As the business continues to change, the number of concurrent users increases, and the amount of data continues to grow, database performance deteriorates.

Generally, database performance is defined as the response time to user requests.

Optimal database performance can be said to be achieving the best performance with the minimum resources.

Factors that deteriorate database performance can occur from the initial analysis and design stages to the development and operation stages.

StageOptimization SectionContent
AnalysisBusiness Process OptimizationRemove inefficient elements, perform process optimization that fits the business vision and strategy
AnalysisArchitectureSet the direction of the architecture considering transaction throughput, performance, data growth trend, security, and availability
DesignPhysical DesignPerform design considering response time, distributed DB environment, number of concurrent users, data size, parallel processing, and distribution, concentration, and redundancy
DesignApplication DesignDesign to achieve optimal performance in conjunction with the DB, access path, data request type, and index
DevelopmentSQLImprove developer skills and develop standards to comply with performance policies
OperationOS TuningPerform tuning for CPU, memory, disk I/O, etc.
OperationNetwork TuningPerform tuning according to the amount of data, files, etc. transferred
OperationDB TuningPerform tuning for data architecture, parameters, log files, etc.
OperationApplication TuningContinuously monitor the operating system and perform tuning by reflecting SQL, index policy, cluster policy, etc. for applications with poor performance
Table. Database Optimization Section by Project Stage

Caching Implementation

Caching is a process of temporarily storing data or files in an intermediate location between the client and permanent storage to process future requests more quickly and reduce network throughput.

Caching can improve application speed and reduce costs by reusing previously searched data.

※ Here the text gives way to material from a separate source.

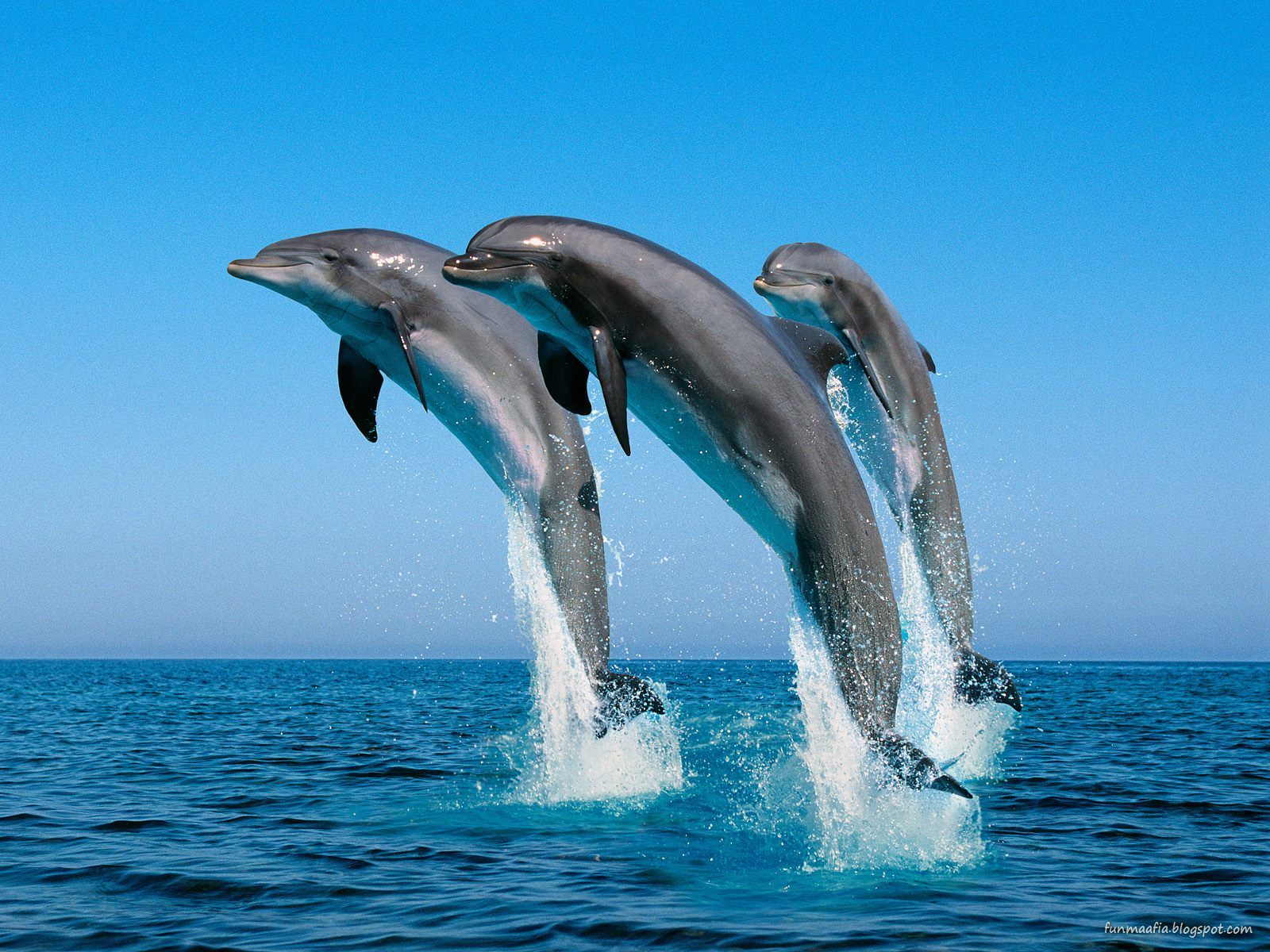 dophin-wildlife-wallpaper.jpg
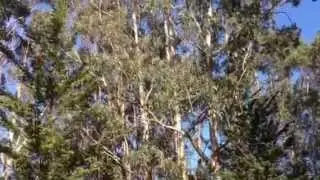 Monarchs in Santa Cruz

The following content shows the caching mechanism at each level.

LevelTargetCaching Implementation
Web LayerWeb ContentImprove web server content transmission delay → Use Global CDN for content transmission
Application LayerUser Session DataUse key/value storage and local cache to improve application performance and data access performance → Use CacheStore for state management
Database LayerDataUse database buffer and key/value storage to reduce latency when requesting database queries → Implement data caching using CacheStore, and offload read load using replica configuration
Table. Caching Implementation by Level

The performance efficiency of the web layer is mainly related to the transmission of static content such as images, videos, and HTML pages.

This static content can be provided from a location closer to the user, reducing latency and allowing for faster response.

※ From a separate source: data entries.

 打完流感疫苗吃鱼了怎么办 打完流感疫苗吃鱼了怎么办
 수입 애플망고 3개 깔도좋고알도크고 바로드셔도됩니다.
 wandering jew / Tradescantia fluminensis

Using Global CDN for caching allows content to be transmitted from a location closer to the user, providing a better user experience.

By applying caching to the application layer, the results of complex repeated requests can be stored, reducing business logic calculations and database access. Furthermore, implementing a state management database to separate state storage from the application server allows you to improve service performance while avoiding session loss or concentration when scaling servers horizontally.

In general, the speed and throughput of the entire service depend on the performance of the database.

For services that use relational databases, it is not possible to increase resources by scaling servers horizontally, and vertical scaling has limitations, so a lot of effort is required for performance management.

Applying caching to the database can greatly increase database throughput and reduce data search wait times.

Placing a Redis-based CacheStore in front of the database or configuring a replica of the Database service to distribute read loads is also an effective strategy for improving performance.